I barely even remember ninth grade. I still managed to excel at school except for algebra, because the teacher reminded me of Hitler without the mustache. I was probably hallucinating. I was on the senior yearbook staff and learned photography. My “out there” quotation for the yearbook was “just be here now, get enlightened and eventually live in future time.” I mean, really? Future time? I was only 18 but the Moody Blues, Yes, Pink Floyd, Frank Zappa, King Crimson, Jimi Hendrix and Ram Dass had invaded my soul.

It was at Mervo where I was taught the basics of how to make a buck with art and sign painting and other forms of commercial art and how to write.

In late-1974 there was an incident involving some pot in my locker. It hadn’t seemed like a big deal having a joint in school, but I’d recently turned 18, was observed by the school enforcement officer, a man with a crew cut and a big, pink splotch on the side of his head. When “Pink Splotch” escorted me down the hall that day, there was no more making fun of him. However, school went on and I kept an even course as the legal system, just like a tugging current, slowly started to wear away my roots. Soon, the pull exerted by my father and the lawyer to place me in the Army that I simply was removed from my Baltimore foothold in mid-April before graduation.

I’m pretty certain my freaky friends never really knew or cared what happened to that one “freak” in their midst. I’m sure that most never knew I even still existed but for the few that have since reconnected via social media. Lucky for me that I was smart enough to float off the Baltimore “rock” clutching my special, early diploma as the “Barge” of the US Army pulled me onboard and I was off to Europe once more, to where it all began, far across the ocean from my rock of Baltimore.
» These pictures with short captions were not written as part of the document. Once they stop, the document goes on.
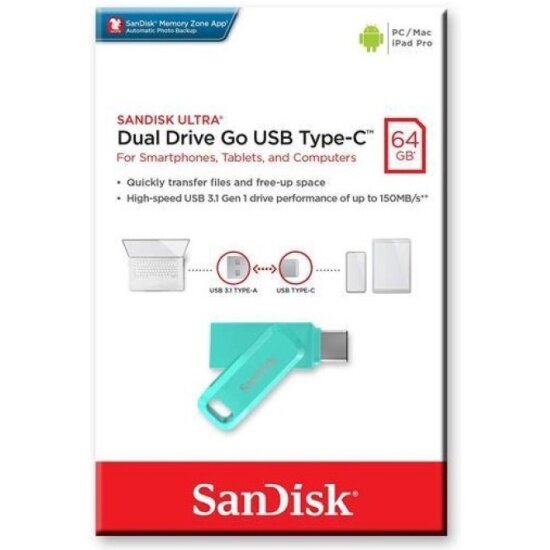 USB флешка Sandisk 64Gb Ultra Dual Drive Go green USB 3.1 gen 1/ USB Type-C 150 Mb/s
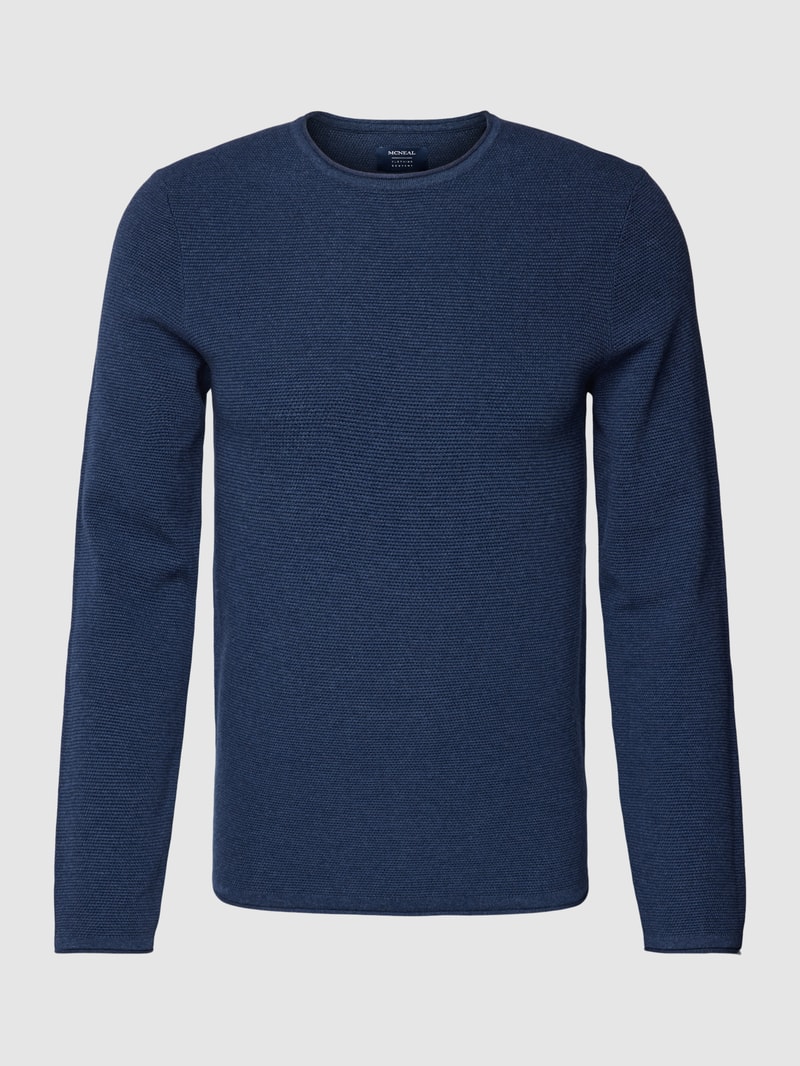 Strickpullover mit Rundhalsausschnitt in marineblau meliert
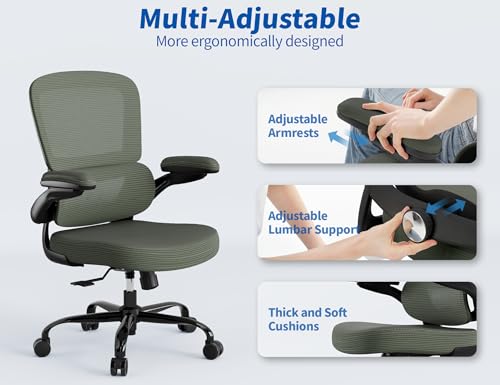 Image of TRALT Ergonomic Office Chair Desk Chair with Adjustable Lumbar Support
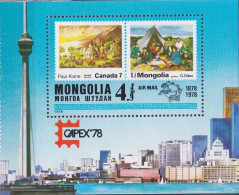 MONGOLIA 1978:  CAPEX'78 (Paul Kane & G.Odon) Michel-N° Block 54 ** MNH - Indiens D'Amérique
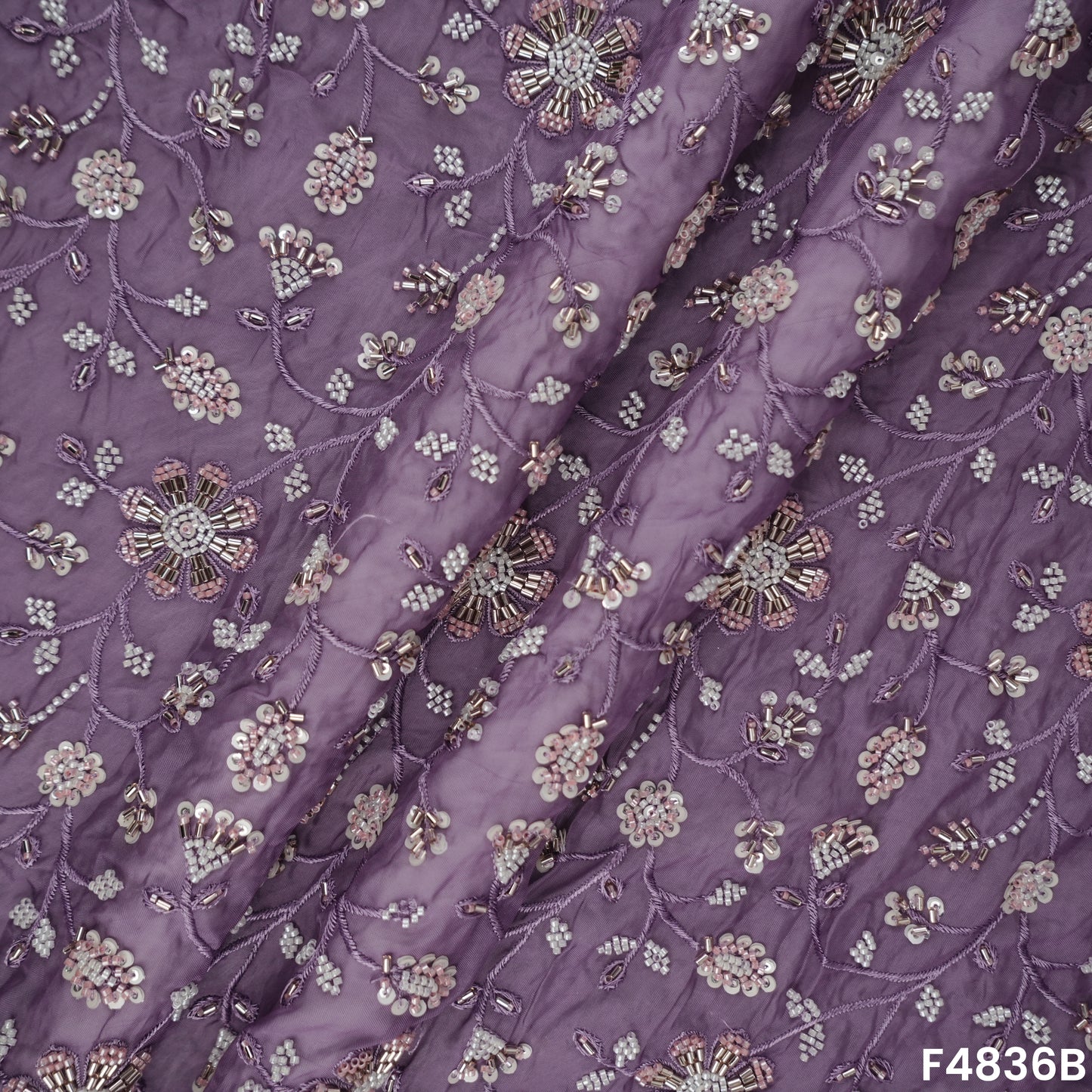Cutdana Thread Sequins Embroidered Organza Fabric- F4836
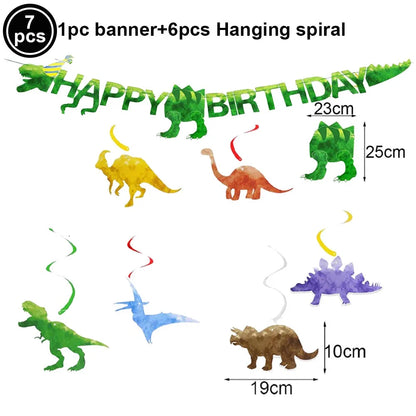 Jurassic Dinosaur Birthday Party Supplies – Dinosaur Fossil-Themed Disposable Plates, Cups & Napkins for Kids' Party Decorations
I did return to Baltimore after two years in the army and traveling around the world. Unlike my dad, I was still a rebel and even though I benefited from the discipline, it was not the life I wanted. I was back on Eastern Parkway after a mind-enhancing journey across Europe for a year. One of my old buddies from the neighborhood approached and said, “Hey man, long time, no see! Come on and let’s go get fucked up!”

Suddenly, I felt that old twang. It welled up from an itch in my ankles or perhaps my medulla oblongata. I got myself a Volkswagen Bus, spent several months converting it into a super, freaky cool, road machine, camper mobile and set off across the U.S., no longer with just a backpack and guitar on my back, but in a secure home away from home, mobile “Vamoose” unit.  I was gone, once again. I’ve settled and gone so many times, seen so many places that I’ve wondered about what it means to truly be at home. I created a lifestyle in the motion picture and production business to ensure such travel and always be ready for the next job, horizon, mountain range, desert, or coastline.